Top of GIVEN RECORDS

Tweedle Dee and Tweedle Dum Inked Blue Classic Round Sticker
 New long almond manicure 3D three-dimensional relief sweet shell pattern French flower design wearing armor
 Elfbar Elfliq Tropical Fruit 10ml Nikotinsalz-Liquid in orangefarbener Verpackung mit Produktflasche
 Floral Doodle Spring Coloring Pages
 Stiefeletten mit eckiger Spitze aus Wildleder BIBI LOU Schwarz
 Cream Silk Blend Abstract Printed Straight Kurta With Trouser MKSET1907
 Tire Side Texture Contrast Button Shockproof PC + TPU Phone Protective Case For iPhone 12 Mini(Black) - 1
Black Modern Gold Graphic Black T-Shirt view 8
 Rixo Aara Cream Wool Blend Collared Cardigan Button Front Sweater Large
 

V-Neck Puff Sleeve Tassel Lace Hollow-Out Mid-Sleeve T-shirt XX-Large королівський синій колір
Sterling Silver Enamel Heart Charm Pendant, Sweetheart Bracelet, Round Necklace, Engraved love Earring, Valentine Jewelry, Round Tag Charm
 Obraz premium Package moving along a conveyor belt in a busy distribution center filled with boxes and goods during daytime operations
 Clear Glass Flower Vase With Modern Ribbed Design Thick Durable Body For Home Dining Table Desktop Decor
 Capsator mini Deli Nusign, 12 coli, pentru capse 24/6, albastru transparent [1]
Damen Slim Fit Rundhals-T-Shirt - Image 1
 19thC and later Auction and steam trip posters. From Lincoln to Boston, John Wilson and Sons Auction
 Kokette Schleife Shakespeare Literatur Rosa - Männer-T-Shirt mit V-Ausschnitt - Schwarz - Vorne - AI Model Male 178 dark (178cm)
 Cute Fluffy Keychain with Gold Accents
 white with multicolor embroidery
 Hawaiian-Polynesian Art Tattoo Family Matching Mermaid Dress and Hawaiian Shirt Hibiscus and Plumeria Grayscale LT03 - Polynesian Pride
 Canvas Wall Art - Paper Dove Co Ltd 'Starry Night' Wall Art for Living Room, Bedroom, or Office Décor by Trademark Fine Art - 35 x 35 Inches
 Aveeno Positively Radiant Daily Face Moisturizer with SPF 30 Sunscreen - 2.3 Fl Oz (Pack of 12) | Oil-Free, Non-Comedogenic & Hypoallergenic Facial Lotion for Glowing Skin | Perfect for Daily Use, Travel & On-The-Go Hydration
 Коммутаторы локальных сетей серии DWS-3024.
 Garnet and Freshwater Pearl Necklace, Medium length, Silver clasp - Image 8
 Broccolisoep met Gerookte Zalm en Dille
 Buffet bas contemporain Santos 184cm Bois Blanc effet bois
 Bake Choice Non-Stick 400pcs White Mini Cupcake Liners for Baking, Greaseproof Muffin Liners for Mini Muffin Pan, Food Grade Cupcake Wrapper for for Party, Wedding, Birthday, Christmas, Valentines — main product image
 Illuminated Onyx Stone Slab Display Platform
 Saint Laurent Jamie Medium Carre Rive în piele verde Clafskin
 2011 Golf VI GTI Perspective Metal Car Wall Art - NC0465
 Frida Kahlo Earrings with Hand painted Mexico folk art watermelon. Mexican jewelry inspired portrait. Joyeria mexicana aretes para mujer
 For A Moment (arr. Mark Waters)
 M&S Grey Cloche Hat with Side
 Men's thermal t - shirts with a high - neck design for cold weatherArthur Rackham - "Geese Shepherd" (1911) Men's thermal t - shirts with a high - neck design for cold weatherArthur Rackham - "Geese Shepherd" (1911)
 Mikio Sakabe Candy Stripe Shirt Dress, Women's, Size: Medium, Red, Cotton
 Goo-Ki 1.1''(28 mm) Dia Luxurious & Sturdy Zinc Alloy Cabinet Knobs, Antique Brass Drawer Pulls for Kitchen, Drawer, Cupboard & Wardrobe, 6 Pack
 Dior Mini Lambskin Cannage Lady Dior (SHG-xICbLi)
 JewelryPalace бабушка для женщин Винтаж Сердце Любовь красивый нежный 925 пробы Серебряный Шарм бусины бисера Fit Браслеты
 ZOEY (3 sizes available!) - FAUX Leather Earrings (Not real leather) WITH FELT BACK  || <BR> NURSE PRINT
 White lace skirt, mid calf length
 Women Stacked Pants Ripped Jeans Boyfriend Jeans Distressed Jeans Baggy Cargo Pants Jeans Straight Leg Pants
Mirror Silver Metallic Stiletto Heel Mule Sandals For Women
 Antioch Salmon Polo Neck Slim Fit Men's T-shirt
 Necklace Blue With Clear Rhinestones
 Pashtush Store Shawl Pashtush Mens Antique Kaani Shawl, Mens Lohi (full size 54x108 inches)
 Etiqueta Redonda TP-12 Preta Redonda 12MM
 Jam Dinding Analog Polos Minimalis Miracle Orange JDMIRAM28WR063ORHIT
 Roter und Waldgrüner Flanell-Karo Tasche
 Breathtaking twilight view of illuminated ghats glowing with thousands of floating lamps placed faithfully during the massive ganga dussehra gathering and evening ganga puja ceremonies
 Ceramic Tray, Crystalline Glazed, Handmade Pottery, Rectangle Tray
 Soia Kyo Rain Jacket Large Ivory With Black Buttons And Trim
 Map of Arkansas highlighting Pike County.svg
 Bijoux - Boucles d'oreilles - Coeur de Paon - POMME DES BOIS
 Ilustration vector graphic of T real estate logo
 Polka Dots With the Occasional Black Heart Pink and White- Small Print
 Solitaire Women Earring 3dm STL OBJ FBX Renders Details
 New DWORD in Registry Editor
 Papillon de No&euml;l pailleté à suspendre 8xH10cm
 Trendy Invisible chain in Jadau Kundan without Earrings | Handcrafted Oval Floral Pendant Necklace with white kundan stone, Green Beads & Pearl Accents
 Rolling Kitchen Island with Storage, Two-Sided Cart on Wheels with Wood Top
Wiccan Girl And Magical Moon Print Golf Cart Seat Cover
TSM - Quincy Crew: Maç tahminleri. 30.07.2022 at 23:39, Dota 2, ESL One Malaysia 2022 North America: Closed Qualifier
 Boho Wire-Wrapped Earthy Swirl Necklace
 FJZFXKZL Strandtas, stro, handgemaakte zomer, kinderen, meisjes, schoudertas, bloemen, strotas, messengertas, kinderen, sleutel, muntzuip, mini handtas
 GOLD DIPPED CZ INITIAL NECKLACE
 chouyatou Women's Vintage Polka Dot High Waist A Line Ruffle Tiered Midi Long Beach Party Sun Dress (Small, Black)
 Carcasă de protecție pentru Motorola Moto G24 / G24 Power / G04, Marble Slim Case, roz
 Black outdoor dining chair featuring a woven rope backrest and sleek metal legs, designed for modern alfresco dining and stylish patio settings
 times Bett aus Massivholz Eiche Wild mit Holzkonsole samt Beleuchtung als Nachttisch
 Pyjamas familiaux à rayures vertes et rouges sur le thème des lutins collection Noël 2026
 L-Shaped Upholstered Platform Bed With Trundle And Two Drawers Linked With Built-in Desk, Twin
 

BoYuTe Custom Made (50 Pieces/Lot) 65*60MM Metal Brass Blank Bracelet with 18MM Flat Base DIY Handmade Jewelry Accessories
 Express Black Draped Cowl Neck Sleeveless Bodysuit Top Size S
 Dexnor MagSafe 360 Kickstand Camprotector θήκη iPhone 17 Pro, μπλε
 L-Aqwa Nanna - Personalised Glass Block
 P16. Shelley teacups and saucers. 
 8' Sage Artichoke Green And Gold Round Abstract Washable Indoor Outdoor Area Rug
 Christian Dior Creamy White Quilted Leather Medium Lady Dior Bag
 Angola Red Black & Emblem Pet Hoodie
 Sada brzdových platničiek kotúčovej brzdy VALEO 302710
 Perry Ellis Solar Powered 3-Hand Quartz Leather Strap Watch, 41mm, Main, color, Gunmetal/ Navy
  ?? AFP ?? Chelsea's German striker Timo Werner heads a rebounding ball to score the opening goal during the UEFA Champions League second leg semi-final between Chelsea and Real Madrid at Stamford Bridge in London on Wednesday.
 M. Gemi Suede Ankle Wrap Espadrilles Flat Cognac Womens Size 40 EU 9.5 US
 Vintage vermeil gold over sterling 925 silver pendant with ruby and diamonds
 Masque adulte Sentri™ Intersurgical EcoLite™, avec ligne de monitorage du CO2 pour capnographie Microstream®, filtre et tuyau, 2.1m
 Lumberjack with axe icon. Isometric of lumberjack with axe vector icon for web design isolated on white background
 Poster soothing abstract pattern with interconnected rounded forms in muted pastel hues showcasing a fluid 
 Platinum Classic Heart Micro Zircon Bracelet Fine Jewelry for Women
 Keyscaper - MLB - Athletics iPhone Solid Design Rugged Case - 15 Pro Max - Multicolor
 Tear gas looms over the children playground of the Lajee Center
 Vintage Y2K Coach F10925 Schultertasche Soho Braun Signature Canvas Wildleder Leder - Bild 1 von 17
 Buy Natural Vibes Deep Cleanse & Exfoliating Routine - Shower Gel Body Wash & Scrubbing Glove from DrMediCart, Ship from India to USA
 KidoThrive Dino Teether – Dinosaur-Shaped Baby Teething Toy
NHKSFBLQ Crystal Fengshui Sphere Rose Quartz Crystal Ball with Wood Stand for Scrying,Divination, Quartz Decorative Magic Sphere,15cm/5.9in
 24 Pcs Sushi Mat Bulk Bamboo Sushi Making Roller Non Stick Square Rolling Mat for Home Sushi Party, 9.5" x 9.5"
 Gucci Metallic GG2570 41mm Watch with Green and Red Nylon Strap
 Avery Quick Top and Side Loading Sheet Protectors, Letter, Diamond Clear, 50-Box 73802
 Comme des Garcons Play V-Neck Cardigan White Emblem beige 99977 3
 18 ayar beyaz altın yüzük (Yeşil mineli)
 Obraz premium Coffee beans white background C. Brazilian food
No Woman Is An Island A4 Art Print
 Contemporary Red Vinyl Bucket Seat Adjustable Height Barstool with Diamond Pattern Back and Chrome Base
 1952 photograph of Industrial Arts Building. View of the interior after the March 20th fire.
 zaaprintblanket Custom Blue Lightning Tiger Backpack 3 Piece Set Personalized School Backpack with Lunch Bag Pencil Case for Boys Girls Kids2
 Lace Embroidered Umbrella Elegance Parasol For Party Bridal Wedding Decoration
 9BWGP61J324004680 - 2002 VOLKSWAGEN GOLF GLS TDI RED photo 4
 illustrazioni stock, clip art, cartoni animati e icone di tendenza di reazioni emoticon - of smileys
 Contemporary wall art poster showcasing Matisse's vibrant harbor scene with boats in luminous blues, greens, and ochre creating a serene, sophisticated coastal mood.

Bottom of GIVEN RECORDS

> EXERCISE REQUIREMENTS
What you return should consist solely of the lines from the one containing "1952 photograph of" through the end of the entries above, reproduced exactly.

> COMPLETED TASK
 1952 photograph of Industrial Arts Building. View of the interior after the March 20th fire.
 zaaprintblanket Custom Blue Lightning Tiger Backpack 3 Piece Set Personalized School Backpack with Lunch Bag Pencil Case for Boys Girls Kids2
 Lace Embroidered Umbrella Elegance Parasol For Party Bridal Wedding Decoration
 9BWGP61J324004680 - 2002 VOLKSWAGEN GOLF GLS TDI RED photo 4
 illustrazioni stock, clip art, cartoni animati e icone di tendenza di reazioni emoticon - of smileys
 Contemporary wall art poster showcasing Matisse's vibrant harbor scene with boats in luminous blues, greens, and ochre creating a serene, sophisticated coastal mood.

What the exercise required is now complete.